#### Provided entries:
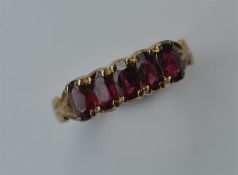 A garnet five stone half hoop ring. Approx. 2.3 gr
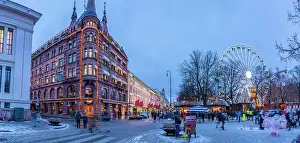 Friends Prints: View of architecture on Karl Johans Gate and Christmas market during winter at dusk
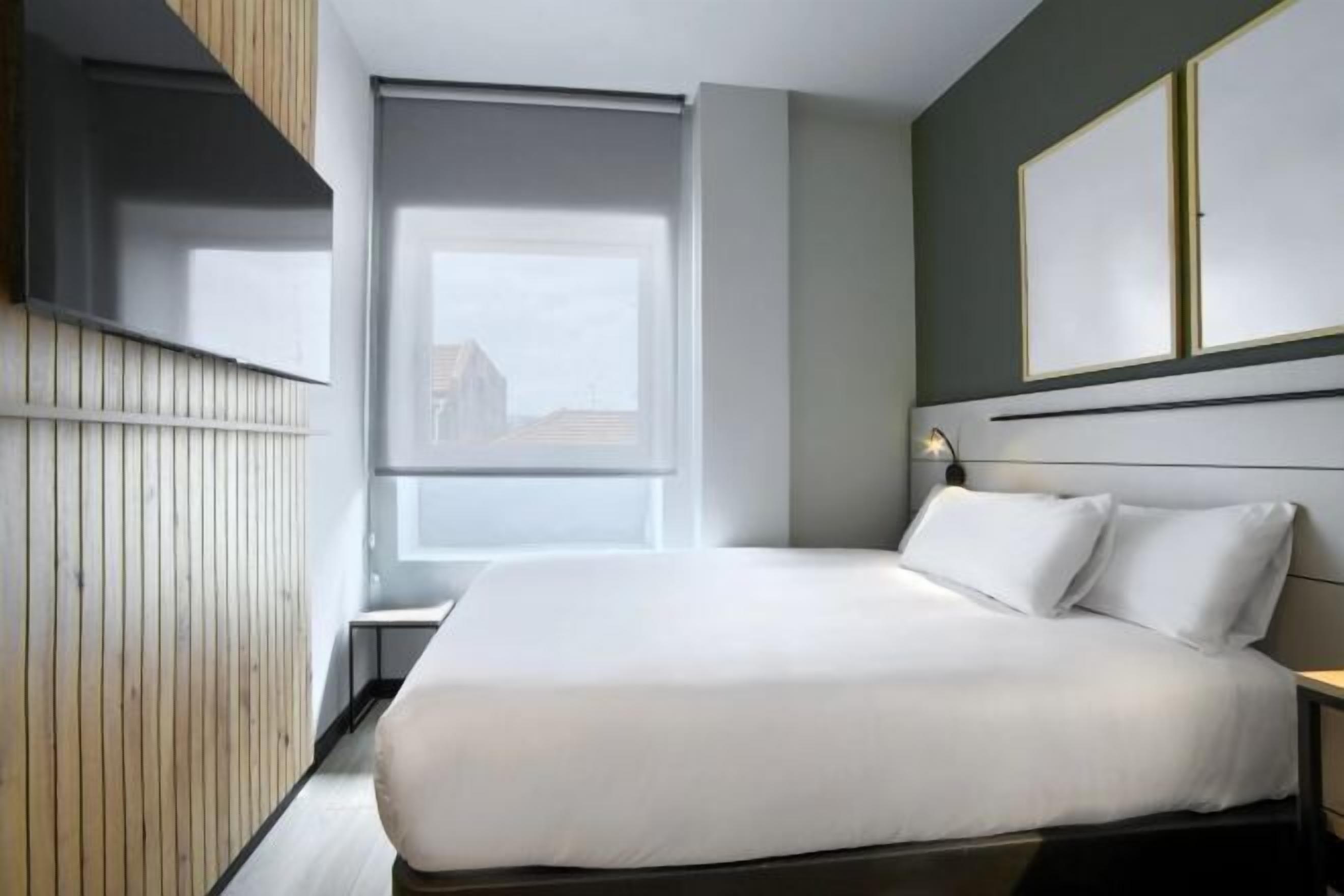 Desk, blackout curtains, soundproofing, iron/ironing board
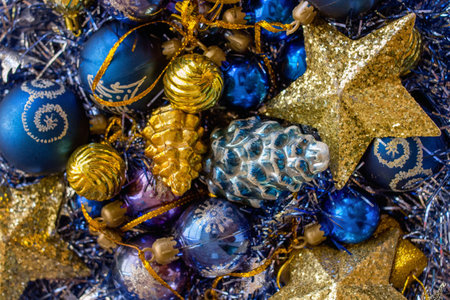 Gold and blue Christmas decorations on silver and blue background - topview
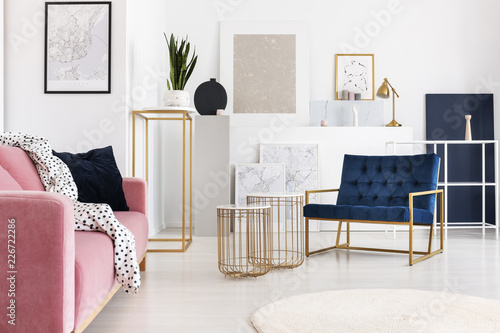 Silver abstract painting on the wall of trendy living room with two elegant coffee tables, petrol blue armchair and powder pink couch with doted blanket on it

#### Exercise details:
Skip every picture, and give the rest of the material above again exactly.

#### Reply to the exercise:
 A garnet five stone half hoop ring. Approx. 2.3 gr
 Friends Prints: View of architecture on Karl Johans Gate and Christmas market during winter at dusk
 Desk, blackout curtains, soundproofing, iron/ironing board
 Gold and blue Christmas decorations on silver and blue background - topview
 Silver abstract painting on the wall of trendy living room with two elegant coffee tables, petrol blue armchair and powder pink couch with doted blanket on it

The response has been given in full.